Now, we cut to a Page 3 story in the same organ on the same day.

“No,” declared Premier Gallant, “for us, it is a hydraulic fracturing moratorium, and we’re certainly willing to meet with different operations, different businesses, all stakeholders and New Brunswickers to understand the best way to implement this moratorium.”

None of which actually clarifies anything, except that the young premier of this province understands practically nothing about energy politics and, far more troubling, he seems oblivious to the worries of at least one of his important lieutenants – the one in charge of, arguably, the most important economic portfolio.

What now shall we expect? Will a great muzzling commence?

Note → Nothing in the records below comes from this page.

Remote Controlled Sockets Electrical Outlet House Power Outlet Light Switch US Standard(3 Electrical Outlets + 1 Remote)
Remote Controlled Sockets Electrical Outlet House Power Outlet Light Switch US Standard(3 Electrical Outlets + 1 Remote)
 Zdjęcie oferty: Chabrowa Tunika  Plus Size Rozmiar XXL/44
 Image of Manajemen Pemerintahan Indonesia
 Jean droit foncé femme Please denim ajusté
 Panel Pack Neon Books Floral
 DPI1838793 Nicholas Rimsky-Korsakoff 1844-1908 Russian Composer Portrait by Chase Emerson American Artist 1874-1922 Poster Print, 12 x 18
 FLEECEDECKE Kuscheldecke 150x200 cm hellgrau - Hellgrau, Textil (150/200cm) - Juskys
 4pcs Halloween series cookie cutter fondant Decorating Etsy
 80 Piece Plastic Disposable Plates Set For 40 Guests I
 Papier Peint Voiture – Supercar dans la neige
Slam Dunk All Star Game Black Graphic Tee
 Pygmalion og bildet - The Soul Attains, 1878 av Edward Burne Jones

There is a way, of course, to safely and responsibly frack for gas in New Brunswick. We’ve been doing it for years. As long as we adhere to the tightest regulations our democracy provides — with the most comprehensive environmental oversight common sense produces — we have an even chance to reduce our reliance on far dirtier forms of fossil fuel and maybe, just maybe, generate the economic incentive to fully transition into a renewable, sustainable society. There is nothing new in any of this.

What is new is that we, in this fine, elegant, innocent part of the world must face the fact that we need the hard, tough, clear leadership to get us where we need to be.

Welcome to the energy big leagues, New Brunswick.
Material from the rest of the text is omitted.